BACKGROUND AND PURPOSE: Radiomics can quantify tumor phenotype characteristics non-invasively by applying advanced imaging feature algorithms. In this study we assessed if pre-treatment radiomics data are able to predict pathological response after neoadjuvant chemoradiation in patients with locally advanced non-small cell lung cancer (NSCLC).

MATERIALS AND METHODS: 127 NSCLC patients were included in this study. Fifteen radiomic features selected based on stability and variance were evaluated for its power to predict pathological response. Predictive power was evaluated using area under the curve (AUC). Conventional imaging features (tumor volume and diameter) were used for comparison.
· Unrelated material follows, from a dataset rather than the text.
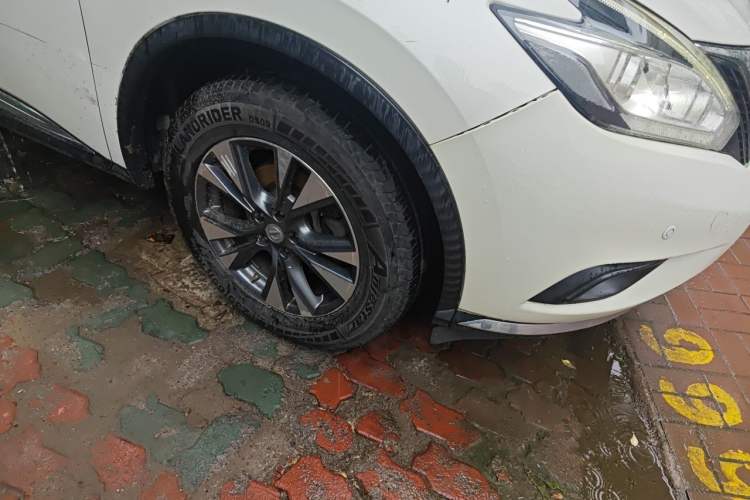 Used Nissan Murano 2015 2.5L XV RES Plus Two-Wheel-Drive Touring Edition Right Front Wheel Hub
RESULTS: Seven features were predictive for pathologic gross residual disease (AUC>0.6, p-value<0.05), and one for pathologic complete response (AUC=0.63, p-value=0.01). No conventional imaging features were predictive (range AUC=0.51-0.59, p-value>0.05). Tumors that did not respond well to neoadjuvant chemoradiation were more likely to present a rounder shape (spherical disproportionality, AUC=0.63, p-value=0.009) and heterogeneous texture (LoG 5mm 3D - GLCM entropy, AUC=0.61, p-value=0.03).

CONCLUSION: We identified predictive radiomic features for pathological response, although no conventional features were significantly predictive. This study demonstrates that radiomics can provide valuable clinical information, and performed better than conventional imaging features.